** Available data **
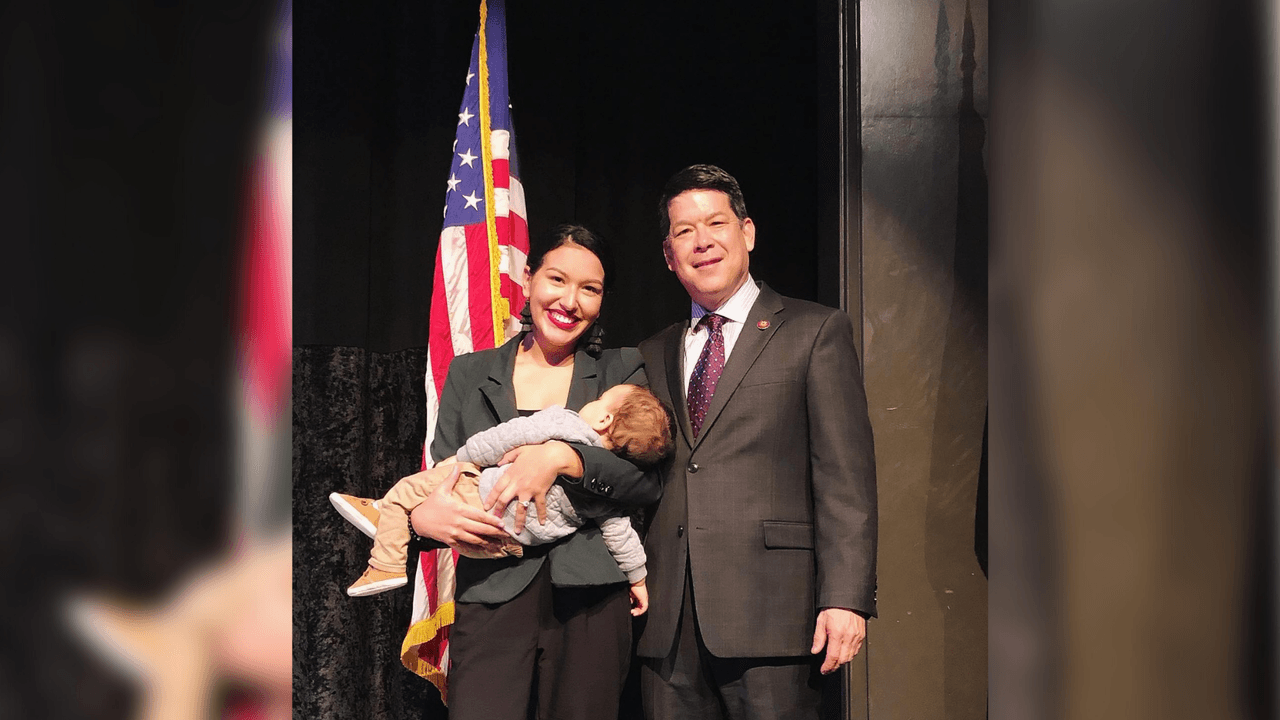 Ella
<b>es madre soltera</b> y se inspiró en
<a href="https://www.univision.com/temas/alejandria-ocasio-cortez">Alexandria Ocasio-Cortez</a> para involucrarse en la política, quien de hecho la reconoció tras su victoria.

==

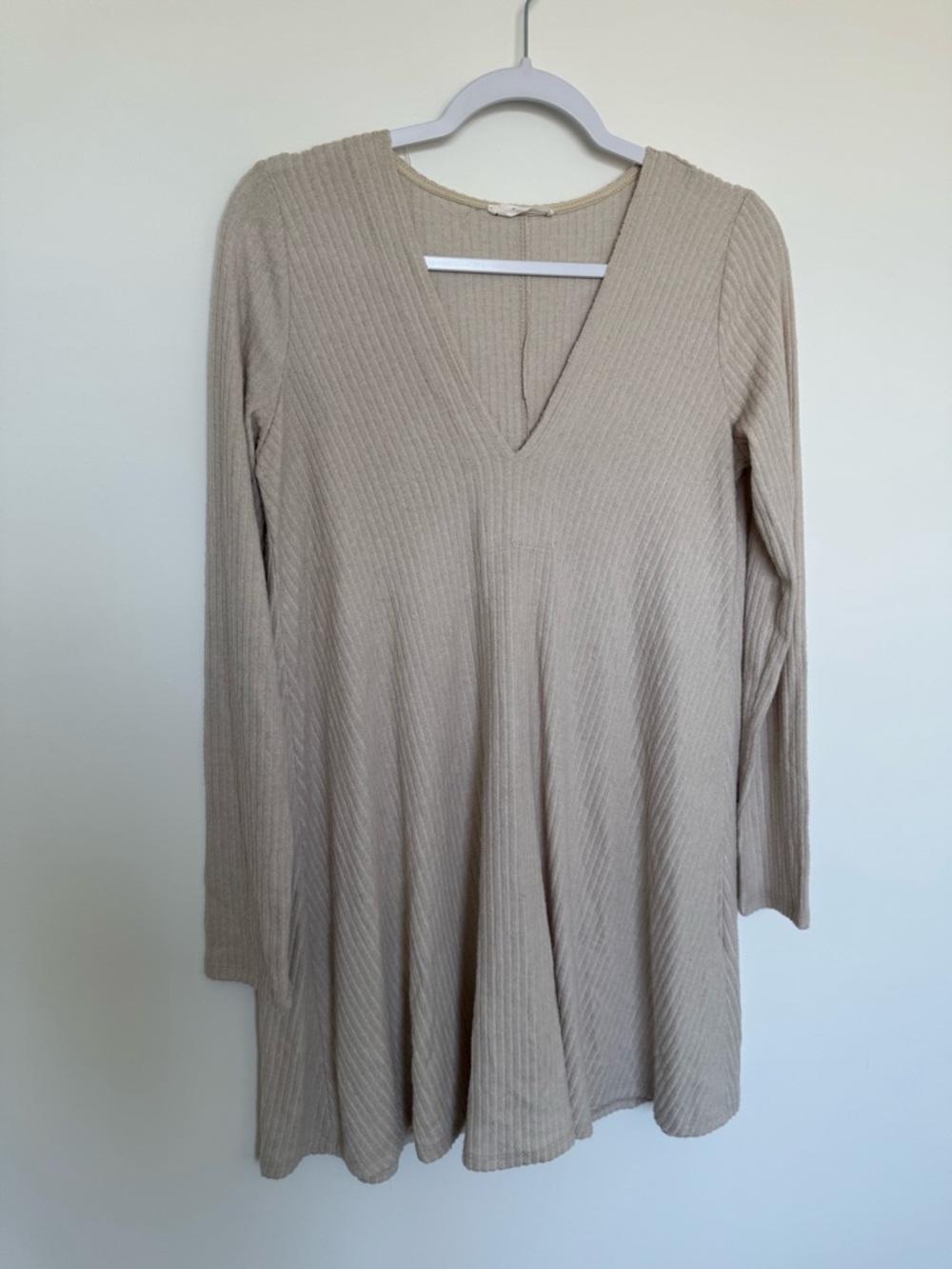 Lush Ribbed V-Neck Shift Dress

---

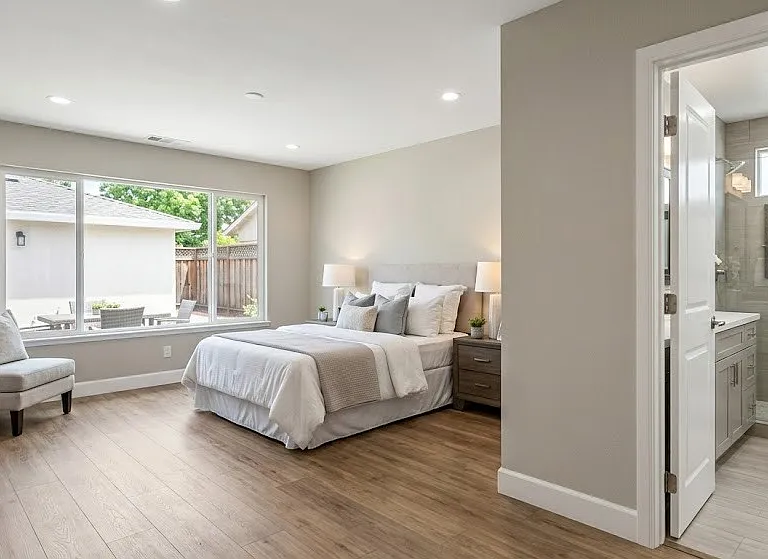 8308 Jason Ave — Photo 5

** What needs to be done **
From the entries above, restate word for word the lines from the line containing "<b>es madre soltera</b> y se inspiró en" to the line containing "tras su victoria.", both ends included, and nothing more.

** Answer box **
<b>es madre soltera</b> y se inspiró en
<a href="https://www.univision.com/temas/alejandria-ocasio-cortez">Alexandria Ocasio-Cortez</a> para involucrarse en la política, quien de hecho la reconoció tras su victoria.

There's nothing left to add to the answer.